### YOUR GOAL
Write out exactly, with both ends included, the lines that run from the line containing "Hello and welcome" to the end of the entries. Pictures are not part of the answer.

### SUPPLIED DATA
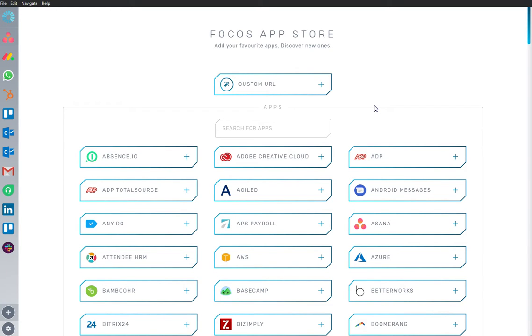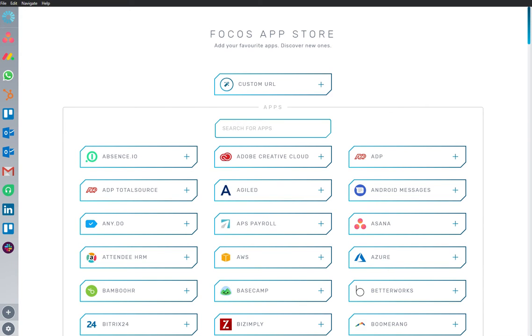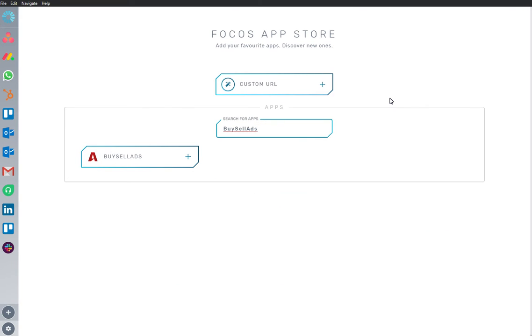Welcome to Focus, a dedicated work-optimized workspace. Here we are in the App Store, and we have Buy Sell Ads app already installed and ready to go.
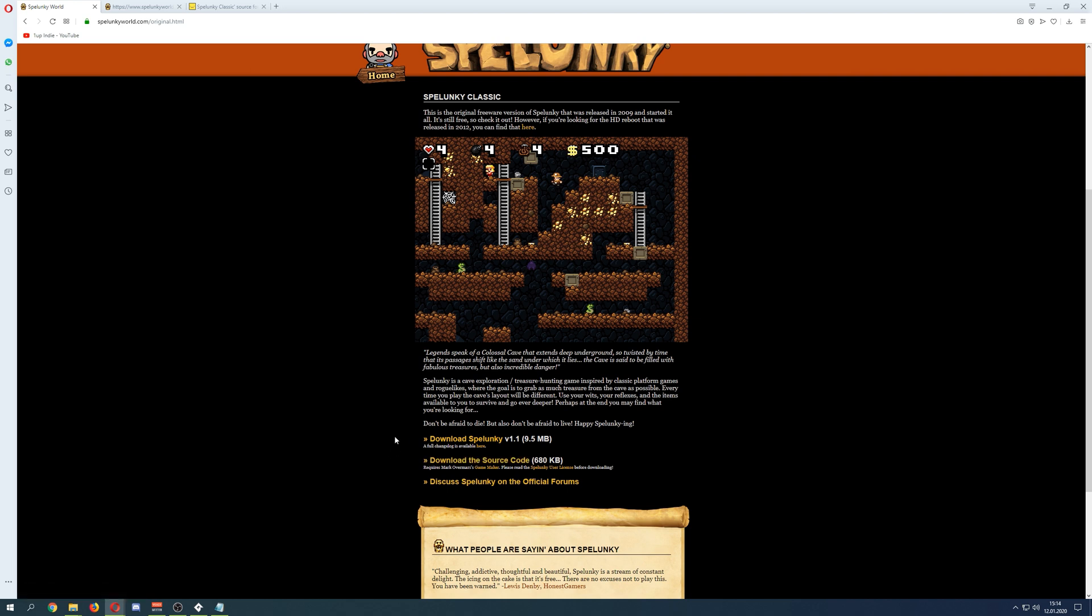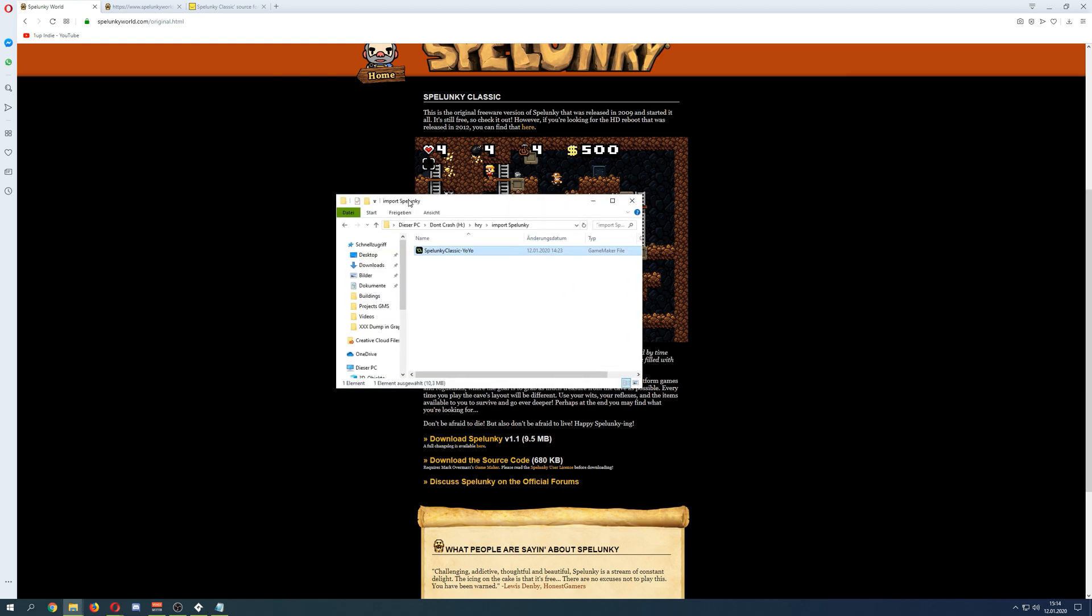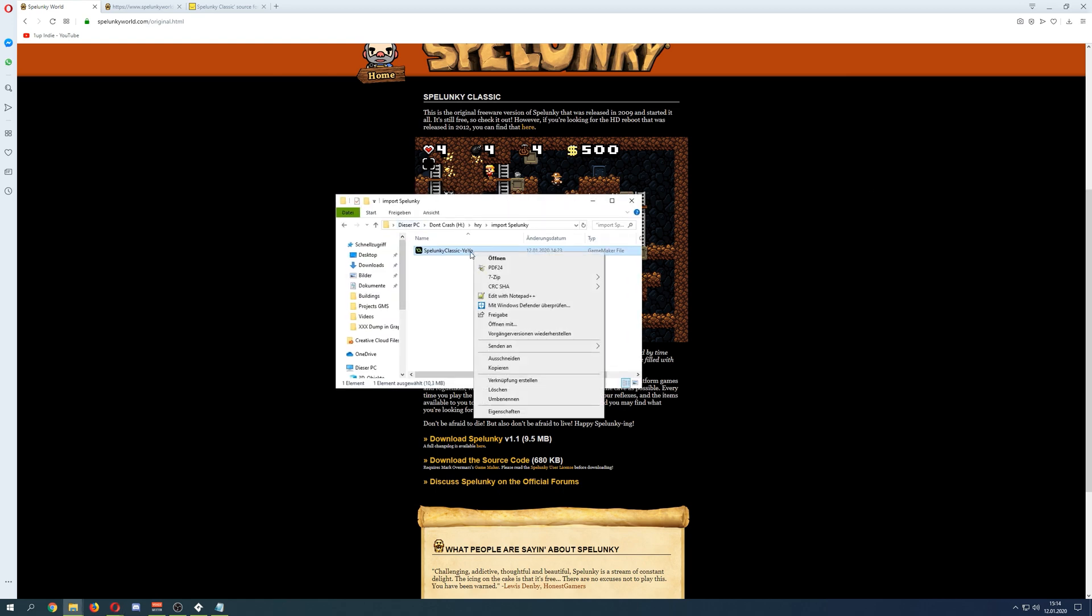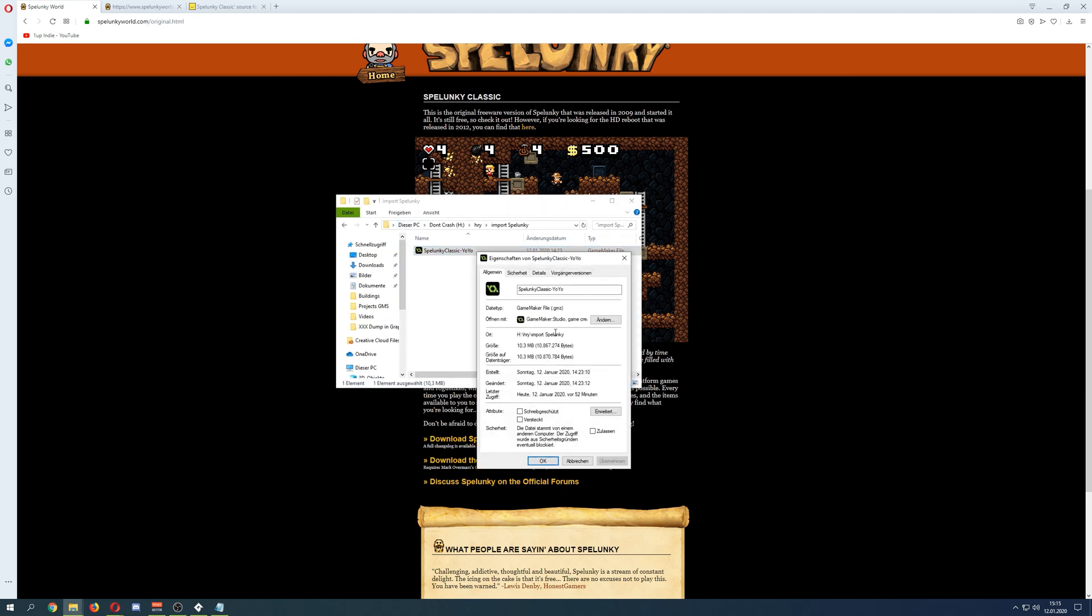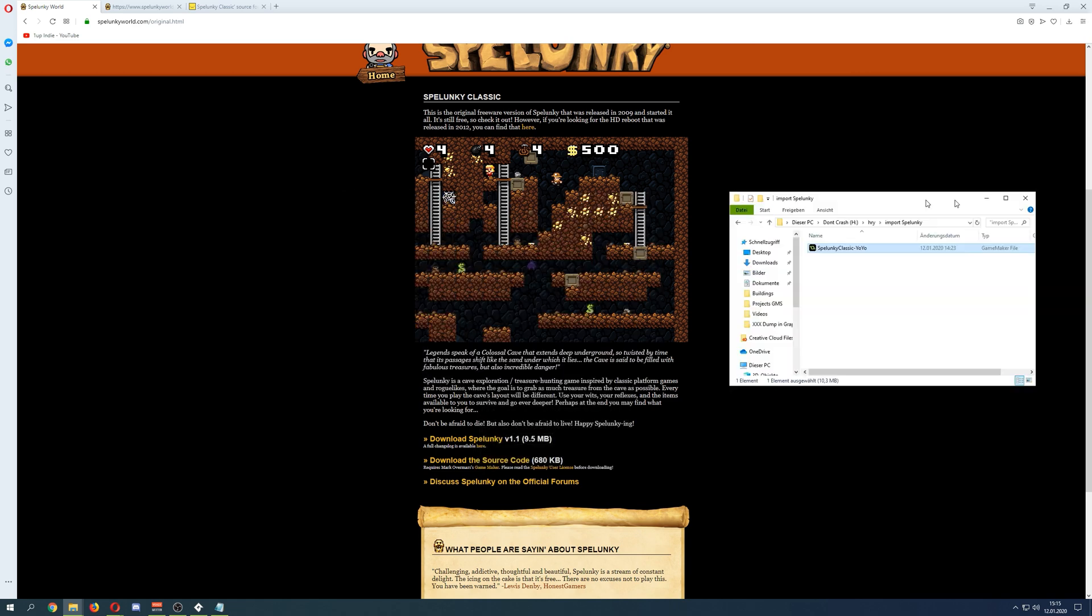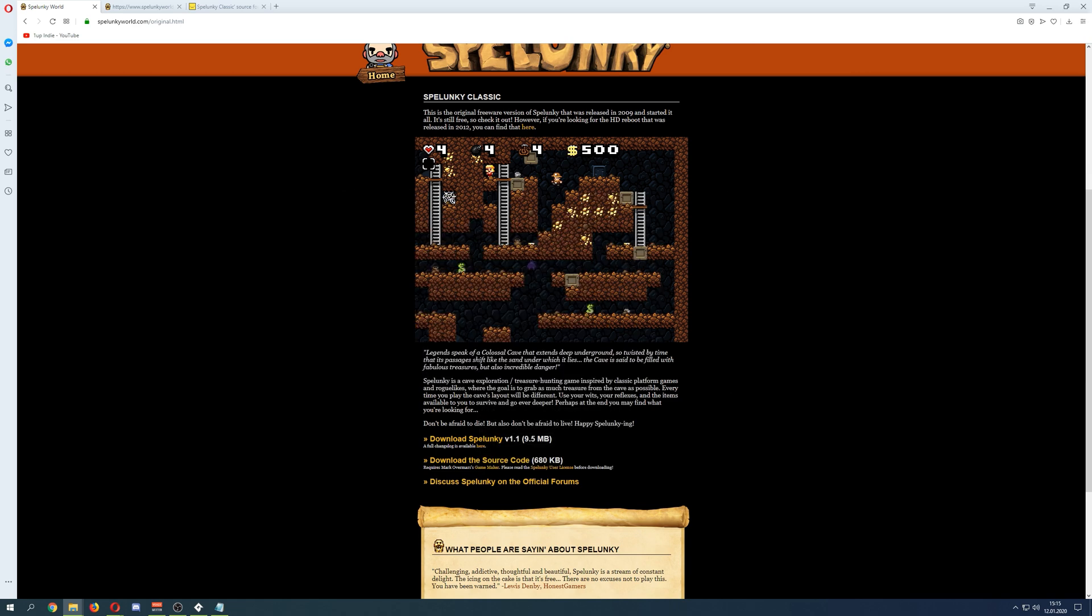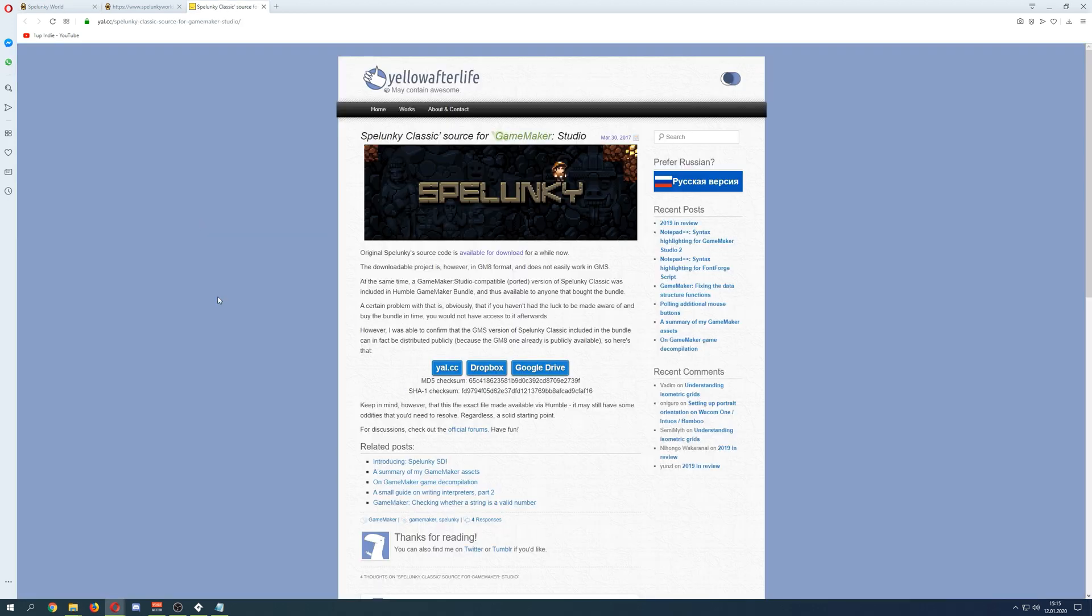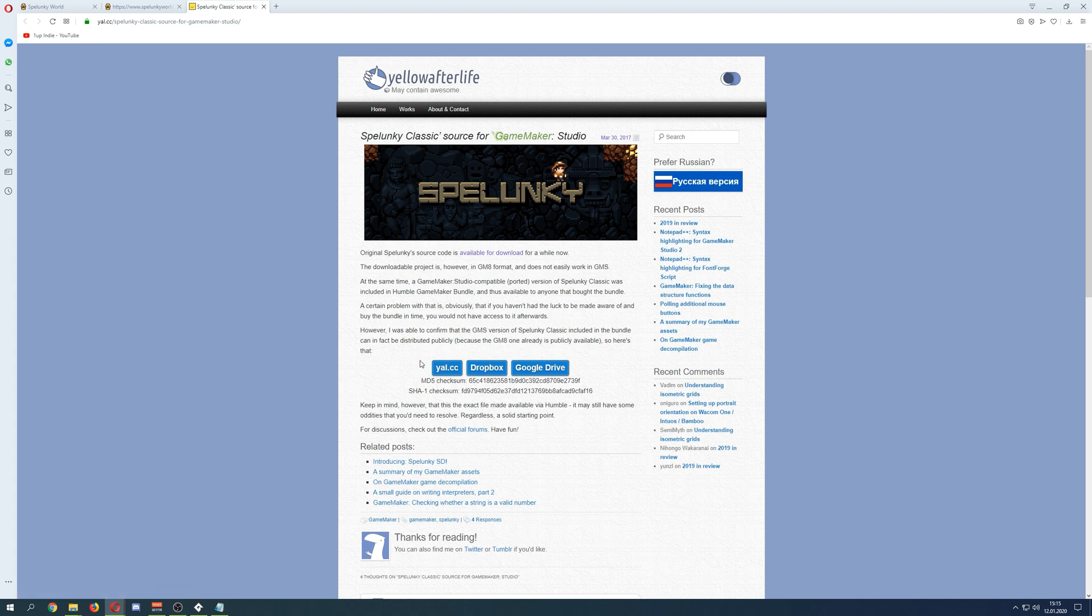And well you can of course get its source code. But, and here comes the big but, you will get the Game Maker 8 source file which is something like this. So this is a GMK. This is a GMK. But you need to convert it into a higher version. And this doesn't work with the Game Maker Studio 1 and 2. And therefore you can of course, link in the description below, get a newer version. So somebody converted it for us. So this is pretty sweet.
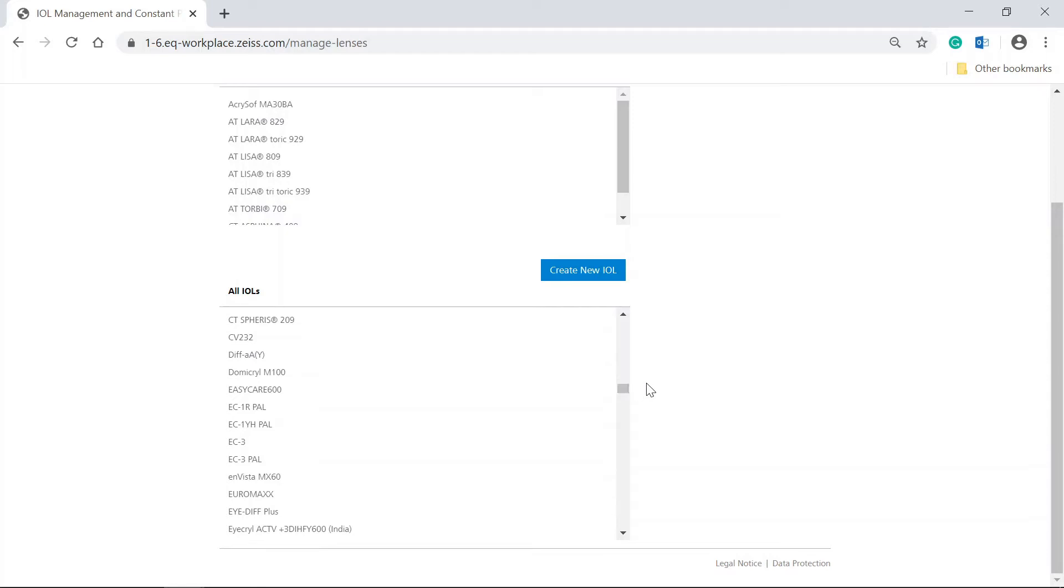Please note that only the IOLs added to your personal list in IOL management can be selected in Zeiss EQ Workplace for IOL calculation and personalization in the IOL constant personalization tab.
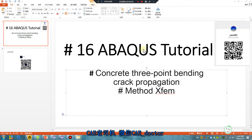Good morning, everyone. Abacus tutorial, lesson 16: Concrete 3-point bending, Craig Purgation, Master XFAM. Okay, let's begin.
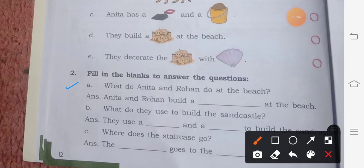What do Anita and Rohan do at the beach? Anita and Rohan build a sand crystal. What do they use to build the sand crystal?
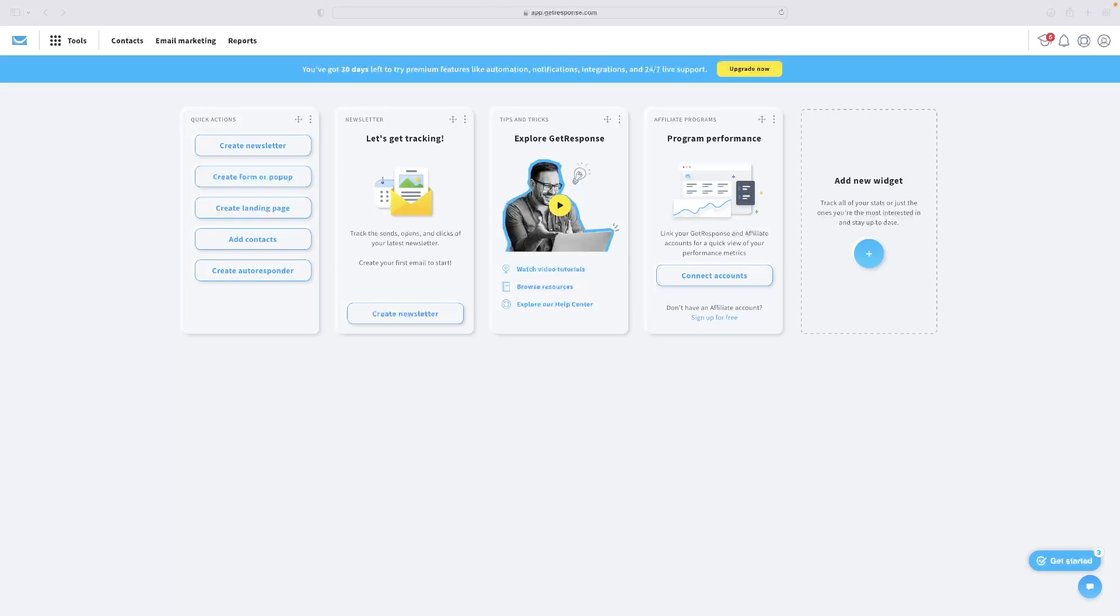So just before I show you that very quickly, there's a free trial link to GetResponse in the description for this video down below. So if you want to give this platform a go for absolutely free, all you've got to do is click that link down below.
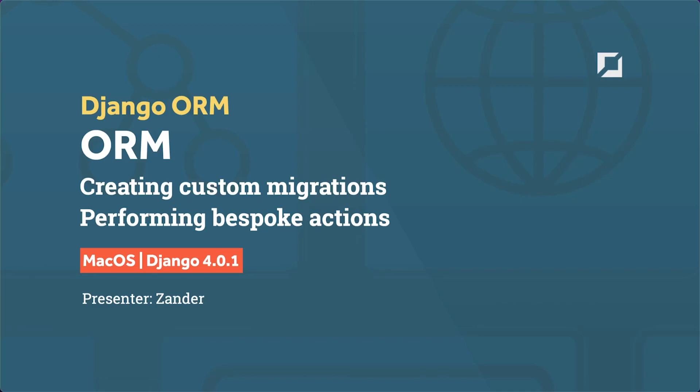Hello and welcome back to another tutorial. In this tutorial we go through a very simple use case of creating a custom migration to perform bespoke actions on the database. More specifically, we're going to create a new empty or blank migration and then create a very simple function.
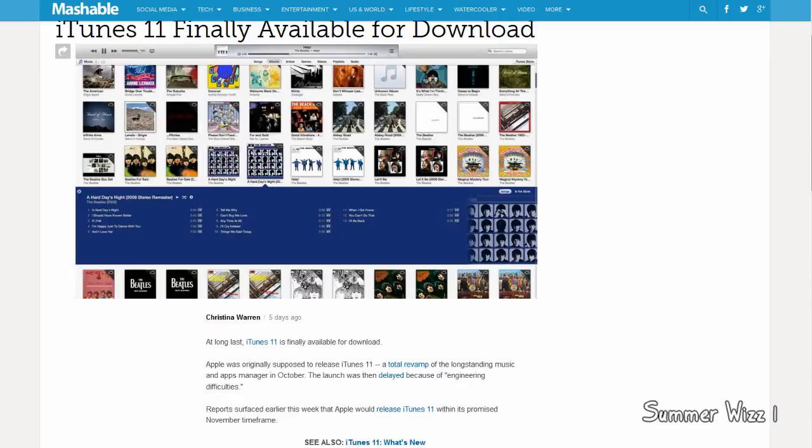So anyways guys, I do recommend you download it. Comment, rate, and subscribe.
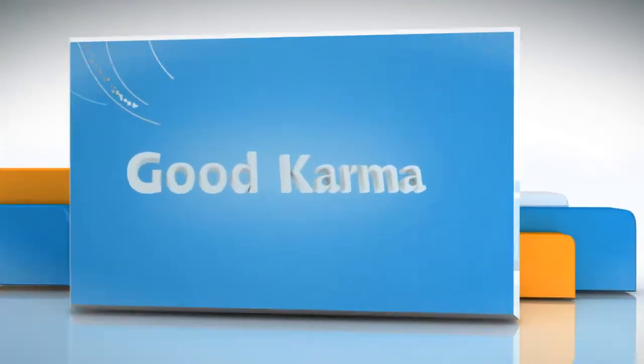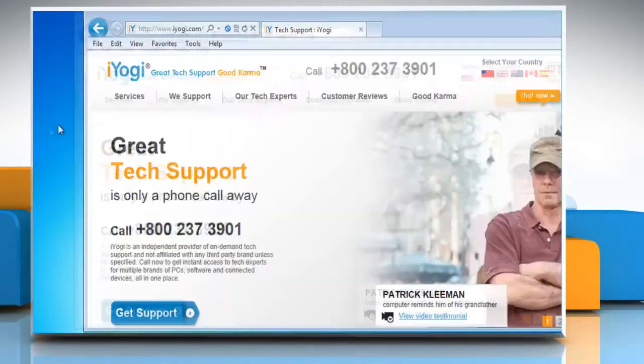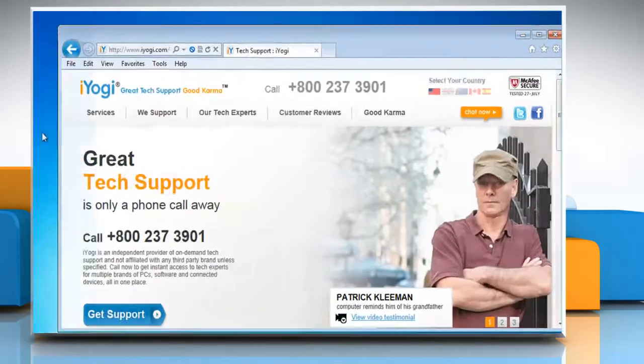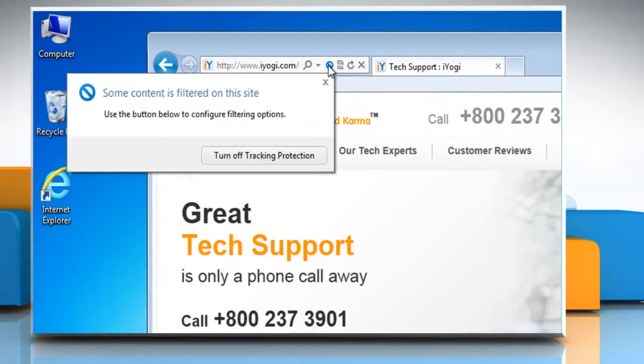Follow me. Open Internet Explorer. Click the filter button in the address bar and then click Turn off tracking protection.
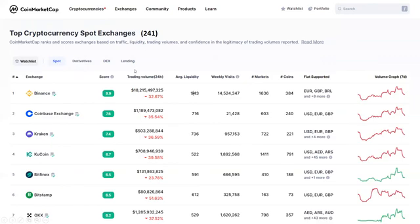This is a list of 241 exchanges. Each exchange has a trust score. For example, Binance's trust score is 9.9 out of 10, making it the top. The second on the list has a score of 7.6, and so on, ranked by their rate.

### OUTPUT BELOW
Hello and welcome back to another tutorial. In this tutorial we go through a very simple use case of creating a custom migration to perform bespoke actions on the database. More specifically, we're going to create a new empty or blank migration and then create a very simple function.
So anyways guys, I do recommend you download it. Comment, rate, and subscribe.
Follow me. Open Internet Explorer. Click the filter button in the address bar and then click Turn off tracking protection.
This is a list of 241 exchanges. Each exchange has a trust score. For example, Binance's trust score is 9.9 out of 10, making it the top. The second on the list has a score of 7.6, and so on, ranked by their rate.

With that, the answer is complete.